Data Validation Guide¶
This guide explains how data validation works in the RWA calculator, the complete set of validation functions, and how to troubleshoot data issues.
Source of truth: All validation utilities are in
src/rwa_calc/contracts/validation.py. Valid value constraints are defined inCOLUMN_VALUE_CONSTRAINTSinsrc/rwa_calc/data/schemas.py.
Overview¶
The RWA calculator validates input data at multiple stages:
- Load-time validation — Schema checks when data is loaded
- Pipeline boundary validation — Checks at each processing stage
- Business rule validation — Domain-specific constraints (PD/LGD ranges, risk type codes)
- Column value validation — Categorical values against allowed sets
Validation is performed without materialising data where possible, using Polars LazyFrame
schema inspection for efficiency. Only column value validation requires .collect().
Schema Validation Functions¶
validate_schema()¶
Validates a LazyFrame's schema against an expected schema dictionary without materialising data.

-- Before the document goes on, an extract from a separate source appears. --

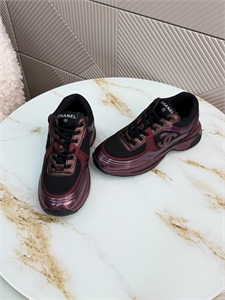 {{productViewItem.photos[photoViewList.activeNavIndex].Alt || productViewItem.photos[photoViewList.activeNavIndex].Description || 'Кроссовки CHANEL'}}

from rwa_calc.contracts.validation import validate_schema
from rwa_calc.data.schemas import FACILITY_SCHEMA
import polars as pl
facilities = pl.scan_parquet("data/exposures/facilities.parquet")
errors = validate_schema(
lf=facilities,
expected_schema=FACILITY_SCHEMA,
context="facilities",
strict=False # Set True to flag unexpected extra columns
)
if errors:
for error in errors:
print(f" - {error}")
Parameters:
| Parameter | Type | Description |
|---|---|---|
lf |
pl.LazyFrame |
LazyFrame to validate |
expected_schema |
dict[str, pl.DataType] |
Expected column names and types |
context |
str |
Label for error messages (e.g., "facilities") |
strict |
bool |
If True, flags unexpected extra columns |
Returns: list[str] — plain string error messages (empty if valid).
validate_required_columns()¶
Checks that specific columns are present (without type checking).
from rwa_calc.contracts.validation import validate_required_columns
missing = validate_required_columns(
lf=counterparties,
required_columns=["counterparty_reference", "entity_type", "country_code"],
context="counterparties"
)
Returns: list[str] — missing-column error messages.
validate_schema_to_errors()¶
Same logic as validate_schema() but returns structured CalculationError objects for
integration with the pipeline error accumulation pattern.
from rwa_calc.contracts.validation import validate_schema_to_errors
from rwa_calc.data.schemas import LOAN_SCHEMA
errors = validate_schema_to_errors(
lf=loans,
expected_schema=LOAN_SCHEMA,
context="loans"
)
for error in errors:
print(f"Code: {error.code}, Field: {error.field_name}")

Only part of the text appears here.